Though Hurd led the Millers to their second state title in three years last March -- capped by a 26-point performance in the state title game against Wilde Lake -- he wanted to improve for his senior season.

So off to the courts he went during the summer. The 210-pound Hurd followed a meticulous routine -- 10 free throws, 20 inside moves to the left, 20 to the right, 50 jumpers, 10 layups from the right side off the left foot and 10 from the left side off the right foot before working on dunking.

Hurd could play aggressively inside, but he wanted more power. If Hurd got the ball down low last year, he more often went left than right to shoot. Hurd wanted to erase his predictability.

"I'm a better all-around player this year," said Hurd. 'Everything wasn't put together last year. I could do everything, but not all of the time."

Camps and tournament play also helped Hurd last summer. Hurd attended some tough camps, most notably the Five-Star, where he averaged 12 points playing against some of the nation's top talent.

His AAU team from Cecil-Kirk went to California and Florida for tournaments. Hurd started and played strongly on a team that included Shawnta Rogers and Reggie Frazier of Lake Clifton plus John Hemsley of Southern.

Hurd also played in the Charlie Weber Tournament at Cole Field House in September. Matched against 6-11 All-American Randall Jackson from Boston, Hurd racked up 28 points and 12 rebounds.

"[All of those] built up my confidence," said Hurd. "I thought if I could play well nationally, there's no reason I can't play well locally."

And he has played well locally. The four-year varsity player often uses power for Milford Mill -- a change from last season, when finesse was often his calling card.

A recent game at Westminster saw Hurd repeatedly drive to the basket instead of taking his former trademark fall-away jumper.
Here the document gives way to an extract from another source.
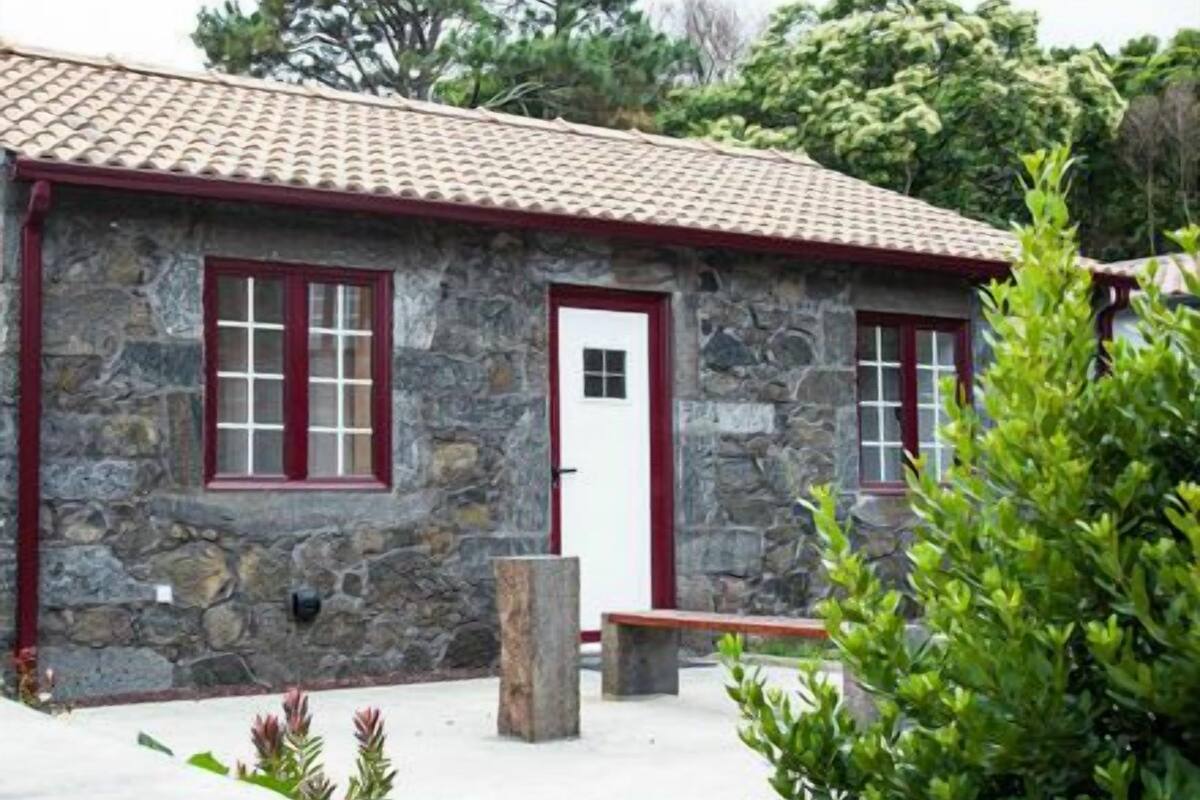 Un edificio de piedra con techo de tejas rojas, una puerta blanca y dos ventanas con marcos rojos.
Hurd scored 32 points from all over the court and dominated in the paint.

"I think he's a much better player than what he was last year," said Westminster coach Dave Byers. "He's definitely got more ++ moves. He's expanded his game."

Said Milford Mill assistant coach Ralph Murray: "You ever know which way he's going to go."
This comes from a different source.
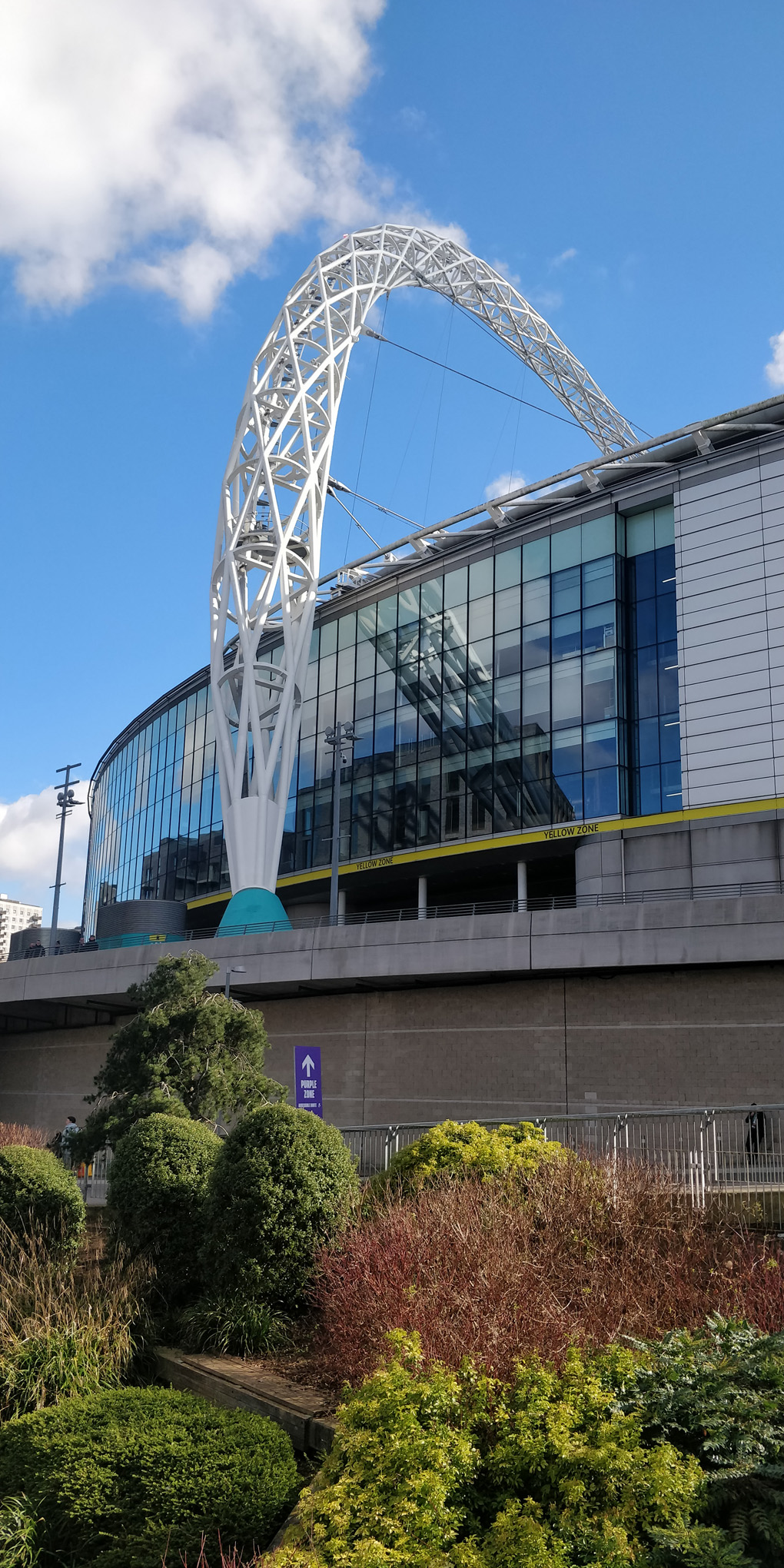 Wembley stadium and arch, under a blue sky.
For Hurd, the expansion of his game begins a transition to college basketball.

The honor roll student and class president had not heard much from colleges before the summer. The calls began coming, however, after his strong performances with his AAU team and at the camps.

Hurd eventually narrowed his final choices to Loyola, Delaware, Howard and Towson State. Saying Loyola best fit his athletic and academic (major in communications) needs, he signed with the Greyhounds and continues to work in preparation for college basketball.

"Things are coming into their own," said Milford Mill coach Homer Seidel. "He's definitely up a level. I think the transition to college basketball is all up to Blanchard."

This year, however, could be tougher for Hurd. Graduation left several holes from the championship team of a year ago, and Milford Mill (4-2) already has stumbled a bit.

Some questions on offense will force Hurd to carry more of the load -- but he's ready.

"I've improved a lot offensively," said Hurd. "It feels good when you know you're a better player. When you take your game to another level, you know it."